Now the Really Scary Part!
The first problem with setting up hardware holes is to make sure your lugs are evenly spaced around the shell. There are a variety of ways to do this if you don't have a DF Layout Mat.
  1. Make your own layout mat. You can do this on a computer if you have a program with drawing capabilities. You can also use a large piece of paper and protractors and rulers to draw out your spacings.
  2. Use your hoops as a guide. Just make sure the hoop is evenly spaced around the shell.
  3. You can use a flexible rule to measure around the circumfrence, but this is not recommended as it is time consuming and not very accurate.
  4. We'll use the DF Layout Mat and T-Jigs here.


The DF Layout Mat has concentric circles from 4 inches in diameter to 24 inches in diameter. Normally you would mark your lug, strainer, butt, grommet, and badge holes AFTER the shell is finished. We are using an unfinished shell for clarity.


We suggest that you place the outer veneer seam where it will be least likely seen. We suggest near the butt plate directly underneath a lug.


To mark the shell, use a fine point sharpie marker. You won't have to use any pressure to get a clean, crisp mark. This is especially important when you are marking over finishes.


It is very important to use a tape that will not leave any residue and will be very easy to remove without damaging the finish. "Painter's blue" tape works very well and is available everywhere paint is sold. We prefer 3M brand. Don't ruin your drum to save $1!

Place a strip of tape around the perimeter of the shell. Using the T-Jig, mark the lug spacing at the color coded line. In this case we are marking holes for an 8 lug drum.

Ooooh, crisp and clean...


Place a strip of tape at each lug spacing mark.


Mark a perpendicular line down the shell. Builder's squares work too for this.


Here is the lug we will use. It has a 2 inch mounting hole spacing.


Measure the depth of your shell. This one is 5 1/8" because we haven't cut the bearing edges yet. This is because we will index the snare bed off the lug spacing.

Adjust the T-Jig to 1/2 of the shell depth.


The zero mark is the center of the shell. Mark 1/2 the lug mounting hole spacing to either side of the zero mark. 2 inches divided by 2 equals 1.


Place your shell again on the Layout Mat so the lug spacing lines are again on the red marks (8 lug drum). Mark the center between the two lugs.


Set the edge of the T-Jig to zero, then mark your bottom strainer hole. The strainer we want to use has a 1 inch mounting hole spacing, so we mark the second hole at 3.


The butt plate we are using has a 1 3/4" mounting hole spacing. Divide that number by 2 (1 3/4" divided by 2 = 7/8") and mark on either side of the zero. The parallel lines on the Layout Mat are spaced every 1/8" inch.


Transfer your perpendicular lines down the shell, and mark the butt mounting holes. In this case we are mounting it 2 inches from the bottom bearing edge.


Use the same methods described above to mark you air grommets and badge holes.
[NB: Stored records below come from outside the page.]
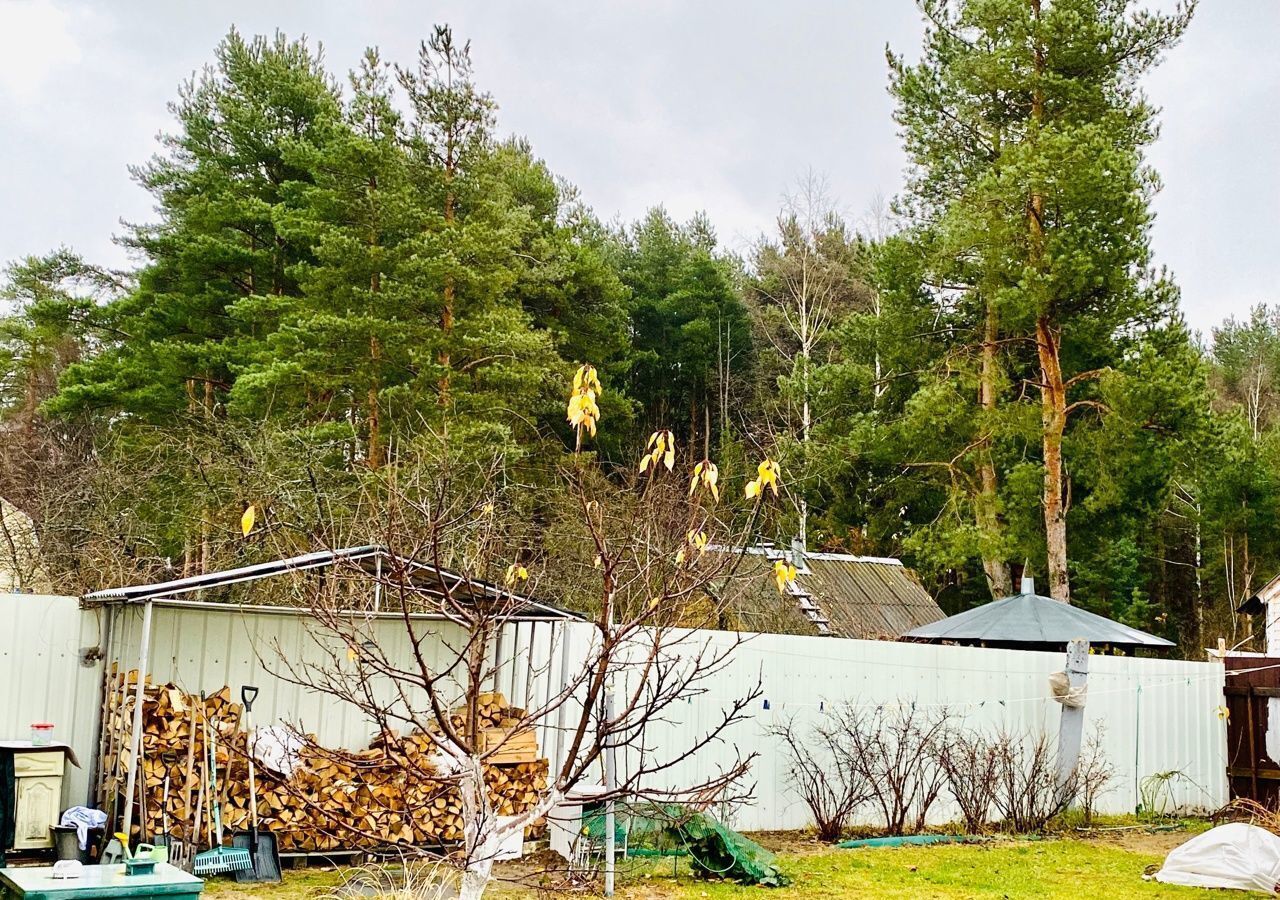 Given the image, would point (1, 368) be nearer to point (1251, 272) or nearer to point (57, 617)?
point (57, 617)

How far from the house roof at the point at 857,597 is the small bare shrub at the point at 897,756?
6.31 m

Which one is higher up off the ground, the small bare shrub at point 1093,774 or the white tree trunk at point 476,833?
the white tree trunk at point 476,833

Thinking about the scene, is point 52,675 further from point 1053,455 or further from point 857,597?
point 1053,455

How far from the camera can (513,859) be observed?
26.6ft

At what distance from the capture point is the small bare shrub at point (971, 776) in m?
10.4

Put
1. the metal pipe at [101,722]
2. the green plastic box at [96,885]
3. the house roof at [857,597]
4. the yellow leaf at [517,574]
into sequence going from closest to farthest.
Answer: the green plastic box at [96,885]
the yellow leaf at [517,574]
the metal pipe at [101,722]
the house roof at [857,597]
To drill, you can use a trusty hand drill or a drill press. If you use a drill press, make a drilling platform that will sit on the table. The shell should sit right on the platform and be supported directly underneath where you will be drilling holes. You can make it so the drill press table will be inside the shell when the shell rests on the platform (better for benchtop drill presses), or so the entire platform and shell are on the table.

To prevent the wood from "busting out" on the inside of the shell, use a backing piece of wood. If you make a drill press platform, you can make the platform from a good sturdy wood like maple, then use the platform for a backing piece. If you set up the platform each time so the drill bit will be drilling directly into the hole in the platform, you'll have a ready made backing piece at all times. If you use a 1/4" drill for the lugs, and a 5/32" drill for the strainer and butt hardware, have a different hole for each setup. Of course, you'll need to rig the platform so you can clamp it to the table.

Make sure your drill bits are sharp! It is helpful to use a good brad point bit, especially if you are using a hand drill. A #1 Unibit is also used by a lot of drum makers with very good results. Don't be afraid to use a drill bit that is a bit larger than 1/4" for lugs (like 17/64" or 9/32"). In fact, we recommend using a larger bit for solid shells, segment, and stave drums. These shells will expand and contract more than ply shells. If the shell expands or contracts, it will make the lug fit very tight and choke the drum. This we know from experience!